The confusion matrices of two very different classifiers with the same accuracy

Table 4.4 illustrates the problem with precision and recall. Both classifiers represented by the table on the left and the table on the right obtain the same precision and recall values of 66.7 and 40 %. Yet, they exhibit very different behaviors: while they do show the same positive recognition rate, they show extremely different negative recognition rates; in the left confusion matrix, the negative recognition rate is strong, while in the right confusion matrix, it is nil! This certainly is information that is important to convey to a user, yet, precision and recall do not focus on this kind of information.
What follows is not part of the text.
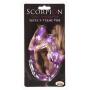 Hott Products Super Xtreme Vibe, Purple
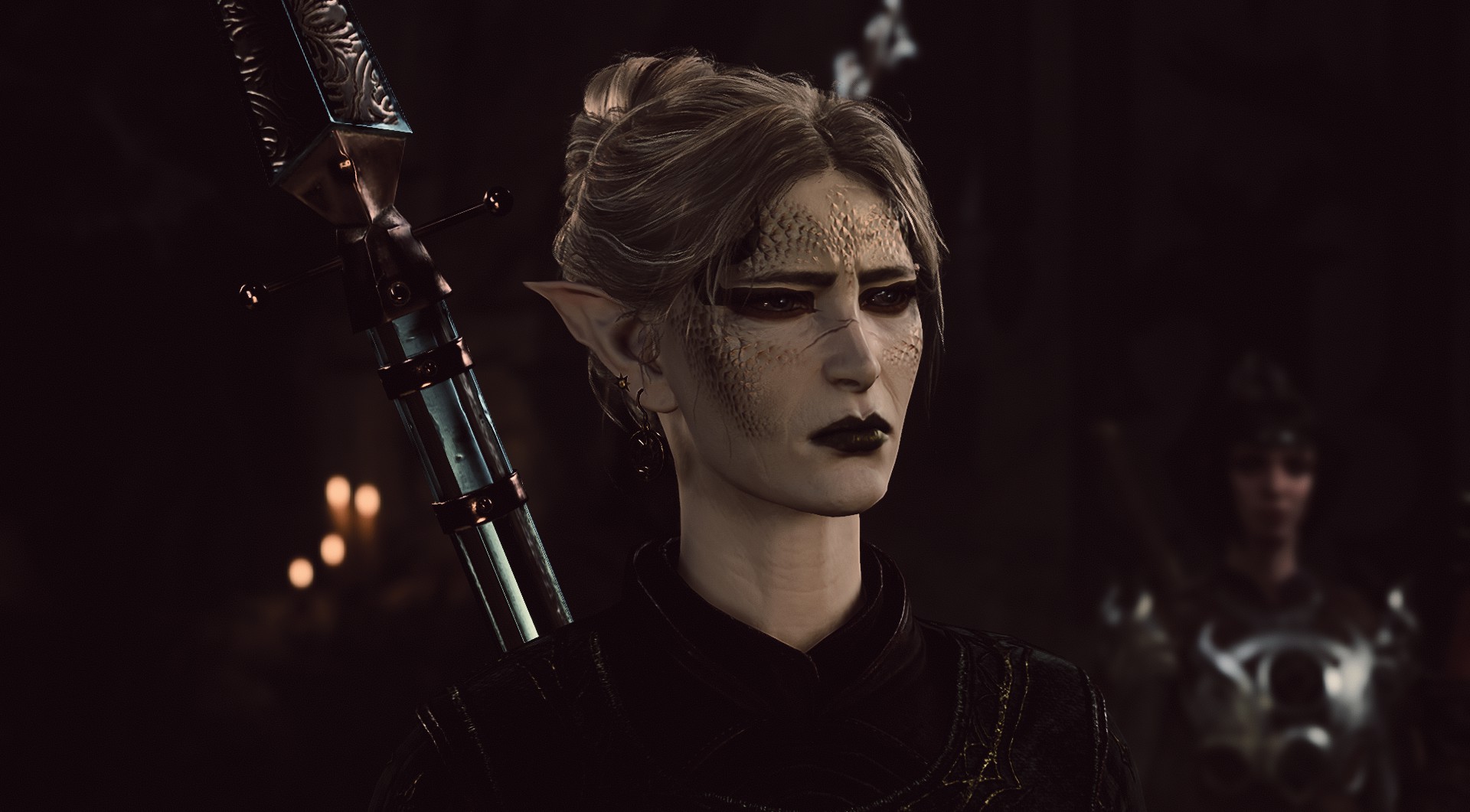 Cheesy (Comms + VGen WAITLIST) 🤡 on X: &ldquo;Playing my durge run with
Note, by the way, that accuracy which has a multiclass rather than a single-class focus has no problem catching this kind of behavior: the accuracy of the confusion matrix on the left is 60 %, while that of the confusion matrix on the right is 33 %!

Table 4.4

The confusion matrices of two very different classifiers with the same precision and recall

Because the class imbalance problem is very pervasive in machine learning, ROC analysis and its summary measure and the area under the ROC curve (AUC), which do not suffer from the problems encountered by accuracy, have become central to the issue of classifier evaluation. We now give a brief description of that approach. In the context of the class imbalance problem, the concept of ROC analysis can be interpreted as follows. Imagine that instead of training a classifier f only at a given class imbalance level, that classifier is trained at all possible imbalance levels. For each of these levels, two measurements are taken as a pair, the true positive rate (or sensitivity) and the false positive rate (FPR) (or false alarm rate). Many situations may yield the same measurement pairs, but that does not matter since duplicates are ignored. Once all the measurements have been made, the points represented by all the obtained pairs are plotted in what is called the ROC space, a graph that plots the true positive rate as a function of the false positive rate. The points are then joined in a smooth curve, which represents the ROC curve for that classifier. Figure 4.3 shows two ROC curves representing the performance of two classifiers f1 and f2 across all possible operating ranges.

Fig. 4.3

The ROC curves of two classifiers f1 and f2. f1 performs better than f2 in all parts of the ROC space

The closer a curve representing a classifier f is from the top-left corner of the ROC space (small false positive rate, large true positive rate), the better the performance of that classifier. For example, f 1 performs better than f 2 in the graph of Fig. 4.3. However, the ideal situation of Fig. 4.3 rarely occurs in practice. More often than not, one is faced with a situation such as that of Fig. 4.4, where one classifier dominates the other in some parts of the ROC space, but not in others.